• PROVIDED DATA:
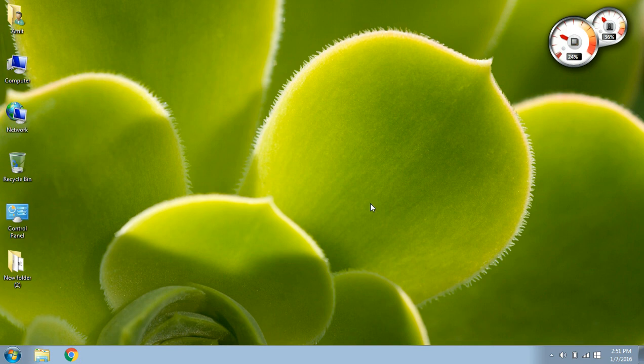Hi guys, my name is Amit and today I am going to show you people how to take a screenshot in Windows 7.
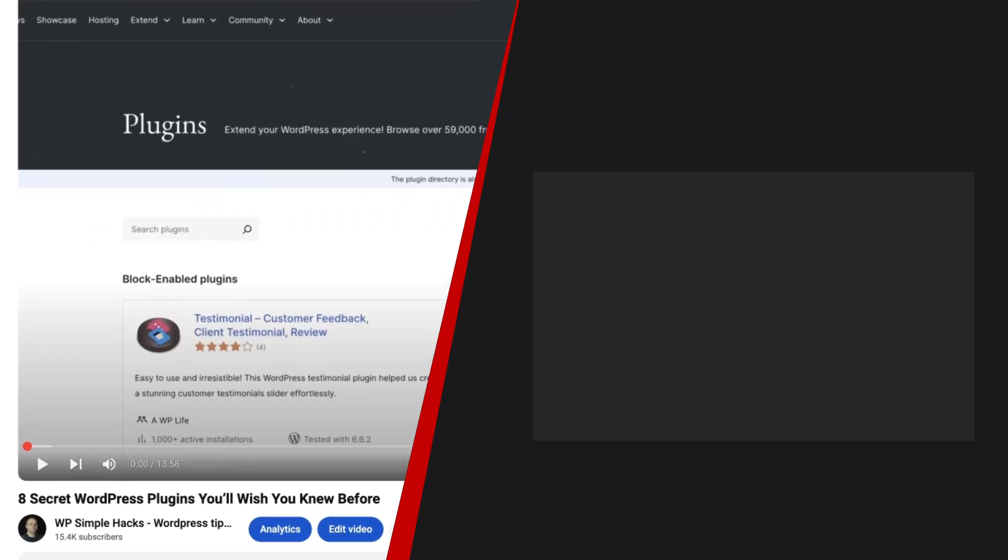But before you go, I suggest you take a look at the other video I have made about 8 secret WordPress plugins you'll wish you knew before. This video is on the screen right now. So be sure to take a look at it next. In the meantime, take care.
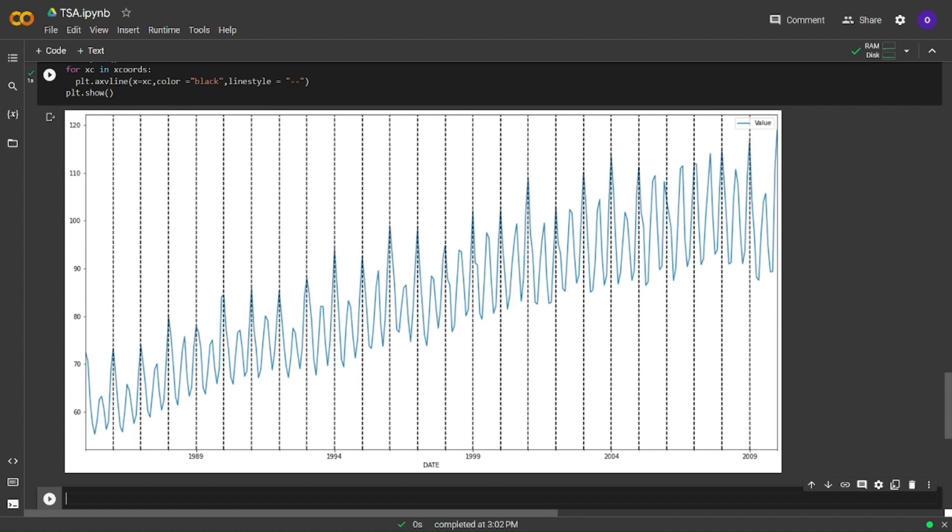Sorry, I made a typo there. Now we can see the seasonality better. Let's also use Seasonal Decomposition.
...
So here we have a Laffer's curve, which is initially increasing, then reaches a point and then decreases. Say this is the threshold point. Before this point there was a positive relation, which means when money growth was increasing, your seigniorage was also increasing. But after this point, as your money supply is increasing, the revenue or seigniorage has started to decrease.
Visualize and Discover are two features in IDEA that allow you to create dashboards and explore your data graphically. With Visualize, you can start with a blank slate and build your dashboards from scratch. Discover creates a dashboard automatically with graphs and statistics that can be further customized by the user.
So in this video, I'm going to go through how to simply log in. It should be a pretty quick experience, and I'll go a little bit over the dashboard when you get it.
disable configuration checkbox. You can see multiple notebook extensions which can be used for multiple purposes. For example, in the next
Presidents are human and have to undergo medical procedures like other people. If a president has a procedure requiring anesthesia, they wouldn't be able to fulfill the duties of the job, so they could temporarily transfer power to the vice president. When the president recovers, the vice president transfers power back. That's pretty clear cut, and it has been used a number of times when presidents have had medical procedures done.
---
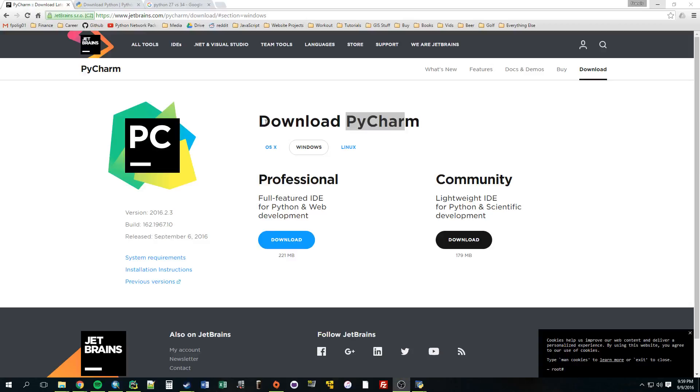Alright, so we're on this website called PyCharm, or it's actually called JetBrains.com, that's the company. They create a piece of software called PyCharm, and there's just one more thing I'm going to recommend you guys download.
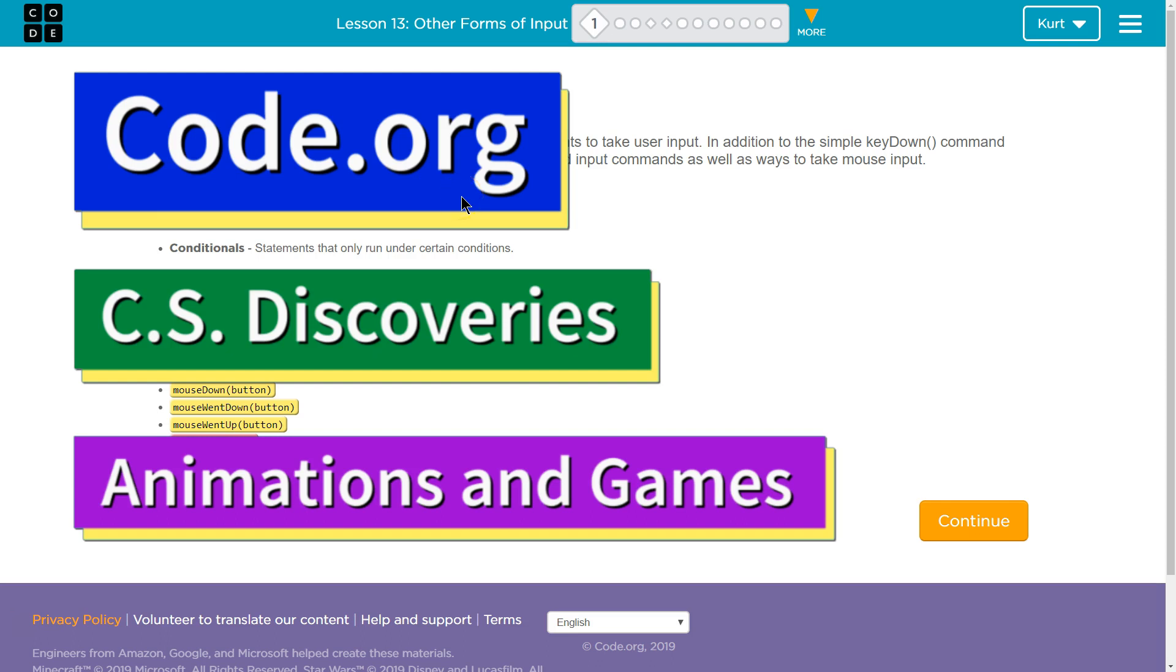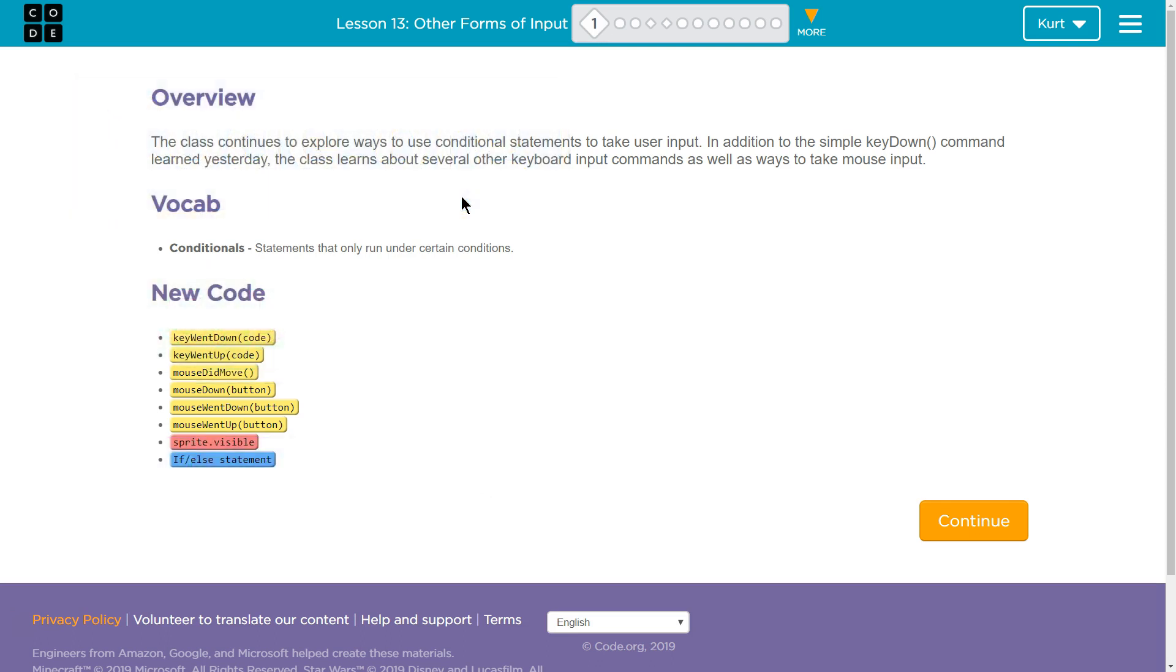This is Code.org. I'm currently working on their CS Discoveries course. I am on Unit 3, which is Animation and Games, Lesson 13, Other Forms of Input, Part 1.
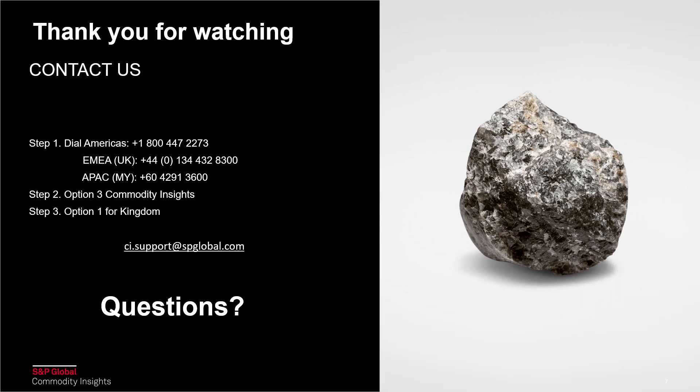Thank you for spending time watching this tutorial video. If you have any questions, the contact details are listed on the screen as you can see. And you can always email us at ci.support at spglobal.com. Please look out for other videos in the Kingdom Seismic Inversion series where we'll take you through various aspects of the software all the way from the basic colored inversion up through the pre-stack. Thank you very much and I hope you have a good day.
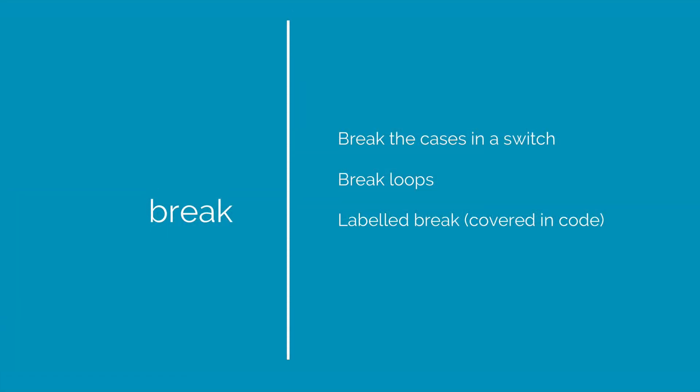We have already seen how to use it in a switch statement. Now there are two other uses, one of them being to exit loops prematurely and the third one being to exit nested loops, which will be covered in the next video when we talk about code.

• YOUR OBJECTIVE:
In the records above, everything from the line with "Hi guys, my" down to the line with "Sorry, I made" must be duplicated exactly, both lines kept. Leave no pictures in.

• RESPONSE TO THE EXERCISE:
Hi guys, my name is Amit and today I am going to show you people how to take a screenshot in Windows 7.
But before you go, I suggest you take a look at the other video I have made about 8 secret WordPress plugins you'll wish you knew before. This video is on the screen right now. So be sure to take a look at it next. In the meantime, take care.
Sorry, I made a typo there. Now we can see the seasonality better. Let's also use Seasonal Decomposition.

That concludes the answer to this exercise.